The Hot Lab suffered a number of fires involving radioactive materials. For example, in 1957, a fire in the Hot Cell “got out of control and massive contamination” resulted. In July, 1959, the site suffered a partial nuclear meltdown that has been named “the worst in U.S. history”, releasing an undisclosed amount of radiation, but thought to be much more than the Three Mile Island disaster in 1979. Another radioactive fire occurred in 1971, involving combustible primary reactor coolant (NaK) contaminated with mixed fission products. At least four of the ten nuclear reactors suffered accidents. The AE6 reactor experienced a release of fission gases in March 1959, the SRE experienced a power excursion and partial meltdown in July 1959; the SNAP8ER in 1964 experienced damage to 80% of its fuel; and the SNAP8DR in 1969 experienced similar damage to one-third of its fuel. The reactors located on the grounds of SSFL were considered experimental, and therefore had no containment structures. Reactors and highly radioactive components were housed without the large concrete domes that now surround most modern power reactors.
There are many protected or endangered plants and animals that live around the site but this has to be my favorite one. Is it legless because of the radioactive contamination?
Most of the site is now in a very long stage of environmental cleanup and compliance. There are lots of water treatment facilities on-site, including this one located near Area 4.
Three test stands were initially constructed at the Coca area in 1956 to support the development of the Navaho and Atlas engines.
In 1963, two of the original stands were demolished and replaced by two large engine test stands for testing the second stage of the Saturn-V launch vehicle. In 1974, further test stand modifications were made to accommodate Space Shuttle main Engine component development. Later modifications enabled testing of the SSME engine system.
COCA I – The Coca RFI Site, located within Area II of the SSFL, is owned by the National Aeronautics and Space Administration (NASA).
Deep thoughts about the hydrogen bomb.
Not an actual rocket but a playground version of one…aren’t those engineers funny?

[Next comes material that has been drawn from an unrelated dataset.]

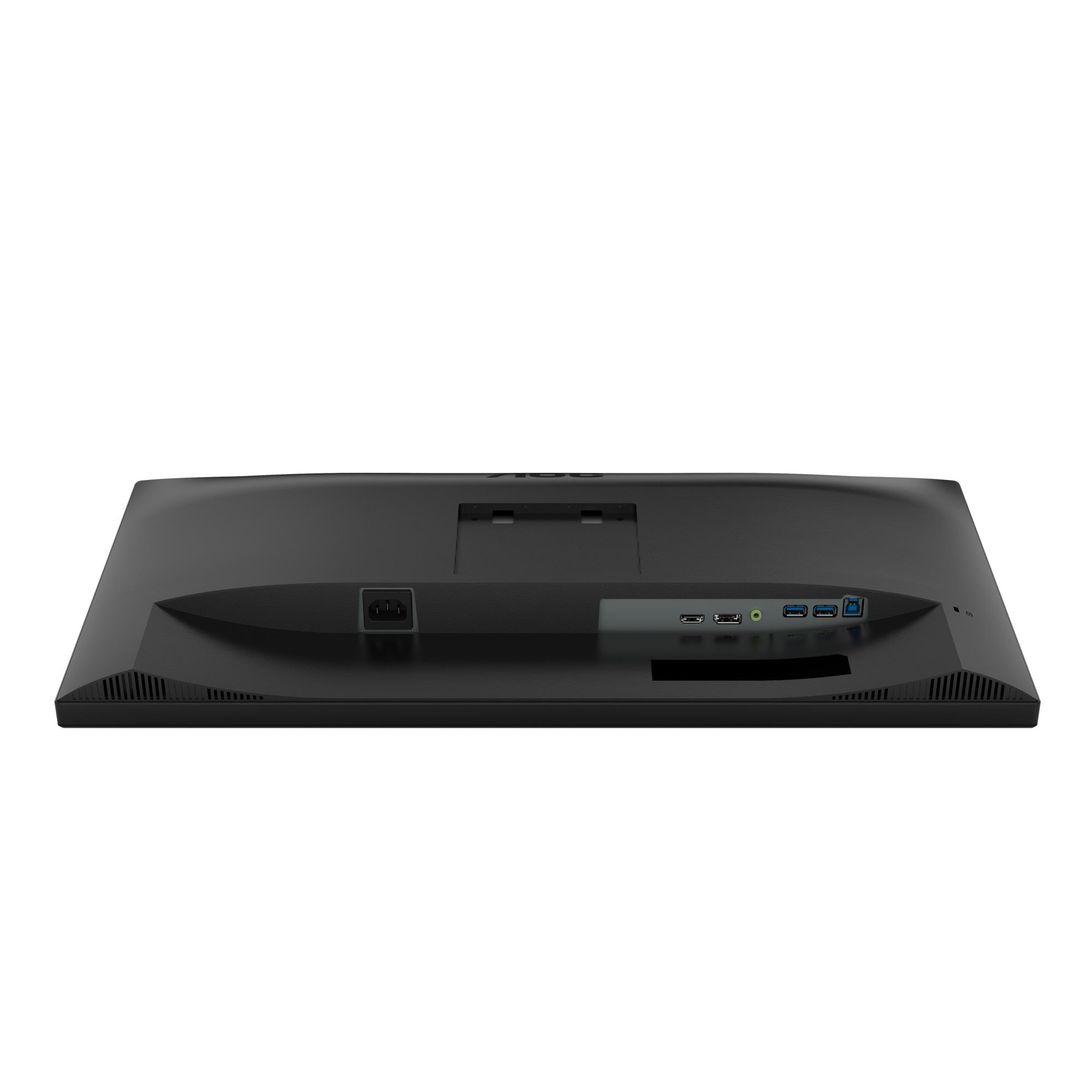 458ba285-125b-4ac1-ad2b-a000fc5f7d3e-1 LCD Monitor AOC 27 " 2560 x 1440 pixels Quad HD Native aspect ratio 16:9 Flat Q27E3UMF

After our tour was complete we were gifted with a bag, hat and more information regarding the site. As part of their public affairs outreach program, Boeing hosts occasional bus tours, “rocket walks,” and nature hikes throughout the property to educate the community and gain support for their efforts. If you’re a space geek, abandoned spaces freak or just wanna take a peek at this once secretive spot, def go check it out but make sure you’re aware of the possible dangers you may be exposing yourself to.